In our information society, the synthesis, distribution, and processing of radio and microwave signals are ubiquitous in wireless networks, telecommunications, and radars. The current tendency is to use carriers in higher frequency bands, especially with looming bandwidth bottlenecks due to demands for, e.g., 5G and the Internet of Things (IoT). Microwave photonics, a combination of microwave engineering and optoelectronics, might offer a solution.

A key building block of microwave photonics is optical frequency combs, which provide hundreds of equidistant and mutually coherent laser lines. They are ultrashort optical pulses emitted with a stable repetition rate that corresponds precisely to the frequency spacing of the comb lines. The photodetection of the pulses produces a microwave carrier.
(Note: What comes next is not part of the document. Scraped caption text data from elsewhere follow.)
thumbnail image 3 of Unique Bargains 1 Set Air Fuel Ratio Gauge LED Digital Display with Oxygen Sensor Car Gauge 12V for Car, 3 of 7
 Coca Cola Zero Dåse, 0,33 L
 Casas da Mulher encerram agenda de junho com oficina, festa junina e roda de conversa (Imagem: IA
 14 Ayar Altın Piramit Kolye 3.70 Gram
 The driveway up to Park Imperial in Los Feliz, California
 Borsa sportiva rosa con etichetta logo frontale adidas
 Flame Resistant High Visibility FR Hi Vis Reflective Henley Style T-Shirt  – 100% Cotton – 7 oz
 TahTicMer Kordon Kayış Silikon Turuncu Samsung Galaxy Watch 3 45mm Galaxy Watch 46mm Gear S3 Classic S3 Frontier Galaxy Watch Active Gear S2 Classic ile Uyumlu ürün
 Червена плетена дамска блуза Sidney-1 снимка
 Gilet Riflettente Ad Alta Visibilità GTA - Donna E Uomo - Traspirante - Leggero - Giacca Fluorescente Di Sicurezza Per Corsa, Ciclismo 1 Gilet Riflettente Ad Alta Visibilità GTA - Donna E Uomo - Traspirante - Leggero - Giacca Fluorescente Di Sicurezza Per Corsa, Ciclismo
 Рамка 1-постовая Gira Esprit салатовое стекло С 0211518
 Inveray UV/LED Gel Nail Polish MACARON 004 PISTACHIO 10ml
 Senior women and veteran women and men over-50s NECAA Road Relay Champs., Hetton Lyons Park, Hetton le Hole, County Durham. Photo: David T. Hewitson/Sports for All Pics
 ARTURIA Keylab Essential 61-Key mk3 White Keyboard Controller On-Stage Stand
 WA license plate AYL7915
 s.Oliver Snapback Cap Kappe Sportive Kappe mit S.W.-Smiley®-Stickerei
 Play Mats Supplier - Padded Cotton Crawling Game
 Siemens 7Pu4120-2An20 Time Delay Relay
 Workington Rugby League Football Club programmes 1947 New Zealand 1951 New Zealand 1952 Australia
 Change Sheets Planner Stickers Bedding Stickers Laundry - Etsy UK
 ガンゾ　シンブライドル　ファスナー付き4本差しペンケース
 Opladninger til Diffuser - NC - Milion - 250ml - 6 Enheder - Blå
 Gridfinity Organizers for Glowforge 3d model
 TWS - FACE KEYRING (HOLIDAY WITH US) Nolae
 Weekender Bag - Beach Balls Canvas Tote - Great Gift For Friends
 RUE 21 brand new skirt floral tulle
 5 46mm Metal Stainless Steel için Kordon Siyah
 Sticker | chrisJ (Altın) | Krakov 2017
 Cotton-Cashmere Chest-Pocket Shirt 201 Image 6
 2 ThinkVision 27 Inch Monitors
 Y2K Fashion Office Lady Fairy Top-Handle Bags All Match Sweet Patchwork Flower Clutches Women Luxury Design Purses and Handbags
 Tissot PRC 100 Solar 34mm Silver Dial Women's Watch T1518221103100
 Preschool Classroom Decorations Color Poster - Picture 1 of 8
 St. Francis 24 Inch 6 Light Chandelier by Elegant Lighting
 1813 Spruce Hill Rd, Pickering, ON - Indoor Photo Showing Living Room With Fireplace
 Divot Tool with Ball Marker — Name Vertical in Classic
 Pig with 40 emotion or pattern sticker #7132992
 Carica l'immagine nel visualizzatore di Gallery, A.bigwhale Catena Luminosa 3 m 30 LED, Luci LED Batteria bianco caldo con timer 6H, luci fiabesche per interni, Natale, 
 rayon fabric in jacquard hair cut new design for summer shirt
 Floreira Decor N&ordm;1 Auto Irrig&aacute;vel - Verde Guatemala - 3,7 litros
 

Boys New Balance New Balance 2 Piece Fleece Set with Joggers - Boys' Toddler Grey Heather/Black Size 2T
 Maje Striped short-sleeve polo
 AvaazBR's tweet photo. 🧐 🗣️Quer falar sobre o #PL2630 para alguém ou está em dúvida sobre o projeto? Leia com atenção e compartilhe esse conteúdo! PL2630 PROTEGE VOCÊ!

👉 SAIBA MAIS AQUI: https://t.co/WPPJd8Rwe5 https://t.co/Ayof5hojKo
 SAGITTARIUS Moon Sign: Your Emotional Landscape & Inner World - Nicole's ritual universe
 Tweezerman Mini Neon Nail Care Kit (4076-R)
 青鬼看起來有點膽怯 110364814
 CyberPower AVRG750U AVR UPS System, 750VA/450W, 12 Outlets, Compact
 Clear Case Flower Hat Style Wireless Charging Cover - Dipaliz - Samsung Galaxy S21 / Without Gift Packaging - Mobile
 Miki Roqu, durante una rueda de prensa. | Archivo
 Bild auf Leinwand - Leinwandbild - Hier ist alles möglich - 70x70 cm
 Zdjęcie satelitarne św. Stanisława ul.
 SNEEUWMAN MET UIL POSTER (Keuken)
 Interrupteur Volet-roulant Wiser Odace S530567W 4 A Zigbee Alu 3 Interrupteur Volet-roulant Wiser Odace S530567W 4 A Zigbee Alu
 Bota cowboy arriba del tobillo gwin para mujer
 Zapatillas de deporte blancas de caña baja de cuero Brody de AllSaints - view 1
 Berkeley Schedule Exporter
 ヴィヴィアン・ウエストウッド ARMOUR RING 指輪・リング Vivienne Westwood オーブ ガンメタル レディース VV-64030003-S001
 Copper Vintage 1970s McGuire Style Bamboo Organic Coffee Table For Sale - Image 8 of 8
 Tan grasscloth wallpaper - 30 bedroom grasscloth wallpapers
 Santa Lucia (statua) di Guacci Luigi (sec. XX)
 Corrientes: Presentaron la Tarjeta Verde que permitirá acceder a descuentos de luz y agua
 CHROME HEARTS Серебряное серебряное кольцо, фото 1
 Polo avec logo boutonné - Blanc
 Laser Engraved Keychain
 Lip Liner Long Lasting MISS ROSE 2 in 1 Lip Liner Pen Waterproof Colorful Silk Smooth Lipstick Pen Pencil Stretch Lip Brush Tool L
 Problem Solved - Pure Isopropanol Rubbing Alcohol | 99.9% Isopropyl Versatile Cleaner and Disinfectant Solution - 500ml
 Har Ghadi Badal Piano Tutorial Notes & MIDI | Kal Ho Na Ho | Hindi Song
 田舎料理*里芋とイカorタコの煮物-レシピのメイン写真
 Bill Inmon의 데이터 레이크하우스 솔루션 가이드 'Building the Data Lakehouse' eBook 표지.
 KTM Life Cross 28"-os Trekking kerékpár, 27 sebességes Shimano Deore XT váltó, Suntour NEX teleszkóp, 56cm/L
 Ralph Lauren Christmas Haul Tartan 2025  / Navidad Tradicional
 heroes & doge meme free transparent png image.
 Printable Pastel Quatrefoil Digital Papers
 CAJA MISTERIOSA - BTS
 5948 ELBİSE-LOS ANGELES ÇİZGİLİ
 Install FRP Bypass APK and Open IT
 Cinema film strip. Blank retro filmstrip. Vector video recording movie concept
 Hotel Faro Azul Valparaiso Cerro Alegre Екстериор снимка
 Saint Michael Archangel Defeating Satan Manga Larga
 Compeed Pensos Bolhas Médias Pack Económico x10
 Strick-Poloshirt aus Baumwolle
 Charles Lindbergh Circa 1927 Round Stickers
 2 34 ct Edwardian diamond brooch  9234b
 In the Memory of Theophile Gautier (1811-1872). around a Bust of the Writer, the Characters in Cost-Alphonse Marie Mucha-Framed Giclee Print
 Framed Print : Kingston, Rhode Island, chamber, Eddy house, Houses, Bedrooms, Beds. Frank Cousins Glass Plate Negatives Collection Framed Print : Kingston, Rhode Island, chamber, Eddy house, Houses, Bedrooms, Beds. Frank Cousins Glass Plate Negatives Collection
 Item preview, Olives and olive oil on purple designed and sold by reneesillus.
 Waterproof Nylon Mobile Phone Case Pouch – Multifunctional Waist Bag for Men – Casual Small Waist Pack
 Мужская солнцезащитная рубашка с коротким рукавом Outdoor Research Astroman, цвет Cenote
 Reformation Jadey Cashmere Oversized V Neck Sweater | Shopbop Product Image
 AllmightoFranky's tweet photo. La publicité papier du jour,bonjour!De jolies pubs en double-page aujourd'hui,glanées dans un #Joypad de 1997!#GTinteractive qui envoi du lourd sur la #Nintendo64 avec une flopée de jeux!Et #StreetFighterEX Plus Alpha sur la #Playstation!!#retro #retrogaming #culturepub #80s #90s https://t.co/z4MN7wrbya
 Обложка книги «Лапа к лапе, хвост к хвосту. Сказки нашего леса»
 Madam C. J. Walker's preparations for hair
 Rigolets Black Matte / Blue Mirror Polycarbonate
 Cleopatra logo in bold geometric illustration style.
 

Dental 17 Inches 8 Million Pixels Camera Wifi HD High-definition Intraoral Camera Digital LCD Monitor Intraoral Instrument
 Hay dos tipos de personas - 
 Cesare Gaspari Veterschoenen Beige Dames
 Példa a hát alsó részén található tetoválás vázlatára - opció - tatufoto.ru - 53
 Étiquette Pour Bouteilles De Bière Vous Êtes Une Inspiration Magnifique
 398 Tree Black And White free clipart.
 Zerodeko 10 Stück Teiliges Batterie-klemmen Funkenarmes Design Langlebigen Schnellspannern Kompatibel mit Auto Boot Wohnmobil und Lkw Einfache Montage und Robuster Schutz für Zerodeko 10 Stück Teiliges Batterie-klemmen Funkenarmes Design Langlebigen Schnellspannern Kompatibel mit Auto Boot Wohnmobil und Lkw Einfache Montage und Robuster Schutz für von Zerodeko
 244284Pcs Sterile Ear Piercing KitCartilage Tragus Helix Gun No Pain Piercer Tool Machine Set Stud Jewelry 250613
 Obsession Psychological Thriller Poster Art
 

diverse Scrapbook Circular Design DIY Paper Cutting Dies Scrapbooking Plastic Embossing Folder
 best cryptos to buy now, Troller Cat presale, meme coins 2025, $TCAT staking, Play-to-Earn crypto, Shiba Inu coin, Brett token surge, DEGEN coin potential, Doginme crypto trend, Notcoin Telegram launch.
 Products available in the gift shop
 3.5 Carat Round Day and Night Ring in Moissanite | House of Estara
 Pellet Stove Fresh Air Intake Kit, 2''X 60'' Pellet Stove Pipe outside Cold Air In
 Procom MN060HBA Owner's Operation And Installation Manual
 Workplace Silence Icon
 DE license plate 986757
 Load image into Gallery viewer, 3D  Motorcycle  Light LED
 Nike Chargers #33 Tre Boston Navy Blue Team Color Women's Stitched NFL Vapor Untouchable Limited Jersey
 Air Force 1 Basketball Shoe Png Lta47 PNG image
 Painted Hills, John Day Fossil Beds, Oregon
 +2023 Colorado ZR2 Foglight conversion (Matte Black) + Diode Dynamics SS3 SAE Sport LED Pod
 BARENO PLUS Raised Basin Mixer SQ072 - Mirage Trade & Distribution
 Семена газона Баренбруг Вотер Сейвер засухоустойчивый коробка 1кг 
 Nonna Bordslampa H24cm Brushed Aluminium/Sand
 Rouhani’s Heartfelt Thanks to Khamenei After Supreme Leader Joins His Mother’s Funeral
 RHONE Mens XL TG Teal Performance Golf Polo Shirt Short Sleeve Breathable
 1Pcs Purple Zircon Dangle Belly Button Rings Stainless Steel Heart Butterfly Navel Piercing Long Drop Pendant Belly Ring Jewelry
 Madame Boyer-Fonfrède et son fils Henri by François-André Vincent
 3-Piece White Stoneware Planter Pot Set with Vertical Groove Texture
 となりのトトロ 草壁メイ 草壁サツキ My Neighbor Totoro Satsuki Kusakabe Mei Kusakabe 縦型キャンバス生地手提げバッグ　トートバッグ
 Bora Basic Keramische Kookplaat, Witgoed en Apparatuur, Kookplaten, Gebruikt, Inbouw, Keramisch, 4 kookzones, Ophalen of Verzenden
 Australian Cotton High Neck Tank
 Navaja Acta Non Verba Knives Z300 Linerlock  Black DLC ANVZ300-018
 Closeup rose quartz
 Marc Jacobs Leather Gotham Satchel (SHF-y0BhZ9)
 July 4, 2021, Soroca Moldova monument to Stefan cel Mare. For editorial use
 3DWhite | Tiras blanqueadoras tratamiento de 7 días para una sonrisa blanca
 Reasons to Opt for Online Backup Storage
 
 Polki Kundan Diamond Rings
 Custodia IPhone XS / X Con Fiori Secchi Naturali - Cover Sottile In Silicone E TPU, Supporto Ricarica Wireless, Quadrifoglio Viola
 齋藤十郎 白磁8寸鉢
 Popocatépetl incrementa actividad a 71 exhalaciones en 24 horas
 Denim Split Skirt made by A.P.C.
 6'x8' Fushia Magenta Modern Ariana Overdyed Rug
In recent years there has been significant progress in chip-scale frequency combs generated from nonlinear microresonators driven by continuouswave lasers. These frequency combs rely on the formation of dissipative Kerr solitons, which are ultrashort coherent light pulses circulating inside optical microresonators. Because of this, these frequency combs are commonly called “soliton microcombs”.

Generating soliton microcombs needs nonlinear microresonators, which can be directly built on-chip using CMOS nanofabrication technology. Co-integration with electronic circuitry and integrated lasers paves the path to comb miniaturization, allowing a host of applications in metrology, spectroscopy, and communications.

An EPFL research team has now demonstrated integrated soliton microcombs with repetition rates as low as 10 GHz. This was achieved by significantly lowering the optical losses of integrated photonic waveguides based on silicon nitride, a material already used in CMOS micro-electronic circuits, and which has also been used in the last decade to build photonic integrated circuits that guide laser light on-chip.

The scientists were able to manufacture silicon nitride waveguides with the lowest loss of any photonic integrated circuit. Using this technology, the generated coherent soliton pulses have repetition rates in both the microwave K- (~20 GHz, used in 5G) and X-bands (~10 GHz, used in radar).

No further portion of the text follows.